▶ **WHAT THE TASK REQUIRES**:
Out of the material that follows, write out exactly the lines from the line with "Disorders Of Communication:The" to the line with "10Pcs Sharp Soldering", both ends included, and no others.

START MATERIAL SHOWN

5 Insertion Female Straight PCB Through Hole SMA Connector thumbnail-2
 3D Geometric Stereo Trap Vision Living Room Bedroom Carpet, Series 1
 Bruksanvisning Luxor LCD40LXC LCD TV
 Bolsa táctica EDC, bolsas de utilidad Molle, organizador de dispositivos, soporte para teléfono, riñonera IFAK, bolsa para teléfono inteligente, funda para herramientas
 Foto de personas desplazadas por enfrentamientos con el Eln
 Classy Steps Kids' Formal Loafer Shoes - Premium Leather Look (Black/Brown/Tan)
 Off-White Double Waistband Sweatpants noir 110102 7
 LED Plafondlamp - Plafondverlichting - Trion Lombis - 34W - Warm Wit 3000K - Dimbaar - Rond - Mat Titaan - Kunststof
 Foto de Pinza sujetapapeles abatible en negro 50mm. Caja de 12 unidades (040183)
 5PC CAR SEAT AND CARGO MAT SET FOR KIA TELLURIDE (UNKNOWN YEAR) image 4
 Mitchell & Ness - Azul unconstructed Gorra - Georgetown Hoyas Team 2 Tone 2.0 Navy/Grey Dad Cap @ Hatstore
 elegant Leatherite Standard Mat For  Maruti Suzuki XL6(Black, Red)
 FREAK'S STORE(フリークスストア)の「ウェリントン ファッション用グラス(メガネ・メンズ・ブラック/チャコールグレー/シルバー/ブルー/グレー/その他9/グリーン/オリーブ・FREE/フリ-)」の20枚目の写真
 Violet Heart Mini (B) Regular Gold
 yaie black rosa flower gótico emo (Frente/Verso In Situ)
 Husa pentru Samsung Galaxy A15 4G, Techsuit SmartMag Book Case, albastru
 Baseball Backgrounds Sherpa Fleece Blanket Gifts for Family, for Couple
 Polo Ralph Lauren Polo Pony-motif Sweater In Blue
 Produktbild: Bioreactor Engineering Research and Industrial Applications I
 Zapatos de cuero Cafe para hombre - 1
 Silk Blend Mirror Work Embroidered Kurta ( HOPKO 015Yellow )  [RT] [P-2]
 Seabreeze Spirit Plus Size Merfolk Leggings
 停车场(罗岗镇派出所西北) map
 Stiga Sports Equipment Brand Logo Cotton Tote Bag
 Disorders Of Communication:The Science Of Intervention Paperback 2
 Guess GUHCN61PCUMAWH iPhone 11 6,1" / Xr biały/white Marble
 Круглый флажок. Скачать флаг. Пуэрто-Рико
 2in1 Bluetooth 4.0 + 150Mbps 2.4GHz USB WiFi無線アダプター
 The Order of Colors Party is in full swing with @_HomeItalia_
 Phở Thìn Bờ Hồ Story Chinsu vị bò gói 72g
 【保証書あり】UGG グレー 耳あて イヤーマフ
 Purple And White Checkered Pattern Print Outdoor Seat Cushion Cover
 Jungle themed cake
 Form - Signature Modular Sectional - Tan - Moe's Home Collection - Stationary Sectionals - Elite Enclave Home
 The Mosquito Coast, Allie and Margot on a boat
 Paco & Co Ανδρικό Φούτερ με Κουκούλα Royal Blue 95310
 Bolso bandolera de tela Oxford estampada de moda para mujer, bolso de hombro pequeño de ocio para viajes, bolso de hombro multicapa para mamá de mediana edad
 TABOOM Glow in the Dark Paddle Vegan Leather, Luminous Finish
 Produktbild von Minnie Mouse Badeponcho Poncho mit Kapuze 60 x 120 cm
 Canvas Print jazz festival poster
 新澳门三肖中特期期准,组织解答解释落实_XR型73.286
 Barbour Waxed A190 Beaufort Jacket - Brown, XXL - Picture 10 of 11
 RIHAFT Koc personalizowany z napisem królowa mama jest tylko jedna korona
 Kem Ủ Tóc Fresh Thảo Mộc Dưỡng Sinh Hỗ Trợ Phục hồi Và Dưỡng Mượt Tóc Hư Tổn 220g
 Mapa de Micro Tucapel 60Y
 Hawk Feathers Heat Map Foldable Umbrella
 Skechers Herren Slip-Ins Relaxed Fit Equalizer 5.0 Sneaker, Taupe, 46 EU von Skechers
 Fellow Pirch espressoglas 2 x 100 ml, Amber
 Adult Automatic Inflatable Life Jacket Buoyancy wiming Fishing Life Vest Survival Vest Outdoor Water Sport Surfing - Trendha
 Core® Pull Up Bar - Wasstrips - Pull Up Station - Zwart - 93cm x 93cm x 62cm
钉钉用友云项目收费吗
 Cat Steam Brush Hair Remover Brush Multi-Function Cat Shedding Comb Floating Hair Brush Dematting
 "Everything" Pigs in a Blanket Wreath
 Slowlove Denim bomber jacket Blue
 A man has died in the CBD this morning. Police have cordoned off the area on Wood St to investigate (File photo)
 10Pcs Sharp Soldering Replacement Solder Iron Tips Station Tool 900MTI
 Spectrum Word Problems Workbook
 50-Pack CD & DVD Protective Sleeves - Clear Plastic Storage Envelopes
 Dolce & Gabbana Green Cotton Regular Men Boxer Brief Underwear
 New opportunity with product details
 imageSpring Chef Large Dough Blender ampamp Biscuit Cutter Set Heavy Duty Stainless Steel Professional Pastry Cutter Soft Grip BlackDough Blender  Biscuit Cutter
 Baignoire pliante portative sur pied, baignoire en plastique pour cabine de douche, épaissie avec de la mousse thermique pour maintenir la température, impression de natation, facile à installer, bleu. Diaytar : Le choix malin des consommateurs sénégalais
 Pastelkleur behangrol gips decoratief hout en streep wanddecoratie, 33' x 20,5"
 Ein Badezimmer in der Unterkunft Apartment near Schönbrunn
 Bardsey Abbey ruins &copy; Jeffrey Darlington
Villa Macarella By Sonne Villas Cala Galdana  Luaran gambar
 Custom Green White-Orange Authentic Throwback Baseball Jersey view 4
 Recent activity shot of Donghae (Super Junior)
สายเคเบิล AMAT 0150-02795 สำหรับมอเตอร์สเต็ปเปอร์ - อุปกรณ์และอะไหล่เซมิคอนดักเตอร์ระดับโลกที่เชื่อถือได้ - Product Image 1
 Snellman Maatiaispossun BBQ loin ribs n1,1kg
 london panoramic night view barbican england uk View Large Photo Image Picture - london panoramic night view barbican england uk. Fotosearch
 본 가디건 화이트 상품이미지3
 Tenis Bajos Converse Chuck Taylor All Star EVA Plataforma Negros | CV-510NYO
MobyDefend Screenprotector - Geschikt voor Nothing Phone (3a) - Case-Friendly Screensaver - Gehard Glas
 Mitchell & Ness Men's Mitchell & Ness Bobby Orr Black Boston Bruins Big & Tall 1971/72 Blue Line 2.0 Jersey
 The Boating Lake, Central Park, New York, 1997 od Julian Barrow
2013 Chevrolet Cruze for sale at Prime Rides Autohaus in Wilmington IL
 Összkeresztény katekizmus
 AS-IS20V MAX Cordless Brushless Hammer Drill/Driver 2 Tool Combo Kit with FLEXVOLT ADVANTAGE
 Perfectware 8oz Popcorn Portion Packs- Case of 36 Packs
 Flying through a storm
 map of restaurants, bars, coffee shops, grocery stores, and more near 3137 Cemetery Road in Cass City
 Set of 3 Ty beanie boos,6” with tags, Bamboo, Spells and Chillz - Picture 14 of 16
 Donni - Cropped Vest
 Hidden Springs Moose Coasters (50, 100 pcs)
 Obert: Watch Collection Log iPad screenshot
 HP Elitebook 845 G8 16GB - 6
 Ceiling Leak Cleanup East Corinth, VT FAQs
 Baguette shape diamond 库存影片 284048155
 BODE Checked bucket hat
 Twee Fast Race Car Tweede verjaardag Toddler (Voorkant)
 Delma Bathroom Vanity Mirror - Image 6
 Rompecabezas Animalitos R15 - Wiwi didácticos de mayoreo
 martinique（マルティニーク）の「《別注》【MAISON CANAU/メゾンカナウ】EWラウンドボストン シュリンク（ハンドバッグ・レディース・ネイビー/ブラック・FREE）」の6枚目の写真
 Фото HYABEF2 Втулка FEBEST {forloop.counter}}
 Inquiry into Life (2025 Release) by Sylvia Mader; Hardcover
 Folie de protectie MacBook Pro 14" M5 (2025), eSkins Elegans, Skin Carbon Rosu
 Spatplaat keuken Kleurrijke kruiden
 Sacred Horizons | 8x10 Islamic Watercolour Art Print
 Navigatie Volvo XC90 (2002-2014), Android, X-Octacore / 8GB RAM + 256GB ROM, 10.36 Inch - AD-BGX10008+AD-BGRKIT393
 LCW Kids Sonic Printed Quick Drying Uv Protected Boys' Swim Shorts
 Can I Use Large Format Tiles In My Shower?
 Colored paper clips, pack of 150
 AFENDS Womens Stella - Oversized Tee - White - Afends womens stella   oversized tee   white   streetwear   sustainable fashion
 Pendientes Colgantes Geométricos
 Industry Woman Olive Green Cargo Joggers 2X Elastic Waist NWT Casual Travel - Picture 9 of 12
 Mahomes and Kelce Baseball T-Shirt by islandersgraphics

END MATERIAL SHOWN

▶ **FINAL ANSWER**:
 Disorders Of Communication:The Science Of Intervention Paperback 2
 Guess GUHCN61PCUMAWH iPhone 11 6,1" / Xr biały/white Marble
 Круглый флажок. Скачать флаг. Пуэрто-Рико
 2in1 Bluetooth 4.0 + 150Mbps 2.4GHz USB WiFi無線アダプター
 The Order of Colors Party is in full swing with @_HomeItalia_
 Phở Thìn Bờ Hồ Story Chinsu vị bò gói 72g
 【保証書あり】UGG グレー 耳あて イヤーマフ
 Purple And White Checkered Pattern Print Outdoor Seat Cushion Cover
 Jungle themed cake
 Form - Signature Modular Sectional - Tan - Moe's Home Collection - Stationary Sectionals - Elite Enclave Home
 The Mosquito Coast, Allie and Margot on a boat
 Paco & Co Ανδρικό Φούτερ με Κουκούλα Royal Blue 95310
 Bolso bandolera de tela Oxford estampada de moda para mujer, bolso de hombro pequeño de ocio para viajes, bolso de hombro multicapa para mamá de mediana edad
 TABOOM Glow in the Dark Paddle Vegan Leather, Luminous Finish
 Produktbild von Minnie Mouse Badeponcho Poncho mit Kapuze 60 x 120 cm
 Canvas Print jazz festival poster
 新澳门三肖中特期期准,组织解答解释落实_XR型73.286
 Barbour Waxed A190 Beaufort Jacket - Brown, XXL - Picture 10 of 11
 RIHAFT Koc personalizowany z napisem królowa mama jest tylko jedna korona
 Kem Ủ Tóc Fresh Thảo Mộc Dưỡng Sinh Hỗ Trợ Phục hồi Và Dưỡng Mượt Tóc Hư Tổn 220g
 Mapa de Micro Tucapel 60Y
 Hawk Feathers Heat Map Foldable Umbrella
 Skechers Herren Slip-Ins Relaxed Fit Equalizer 5.0 Sneaker, Taupe, 46 EU von Skechers
 Fellow Pirch espressoglas 2 x 100 ml, Amber
 Adult Automatic Inflatable Life Jacket Buoyancy wiming Fishing Life Vest Survival Vest Outdoor Water Sport Surfing - Trendha
 Core® Pull Up Bar - Wasstrips - Pull Up Station - Zwart - 93cm x 93cm x 62cm
钉钉用友云项目收费吗
 Cat Steam Brush Hair Remover Brush Multi-Function Cat Shedding Comb Floating Hair Brush Dematting
 "Everything" Pigs in a Blanket Wreath
 Slowlove Denim bomber jacket Blue
 A man has died in the CBD this morning. Police have cordoned off the area on Wood St to investigate (File photo)
 10Pcs Sharp Soldering Replacement Solder Iron Tips Station Tool 900MTI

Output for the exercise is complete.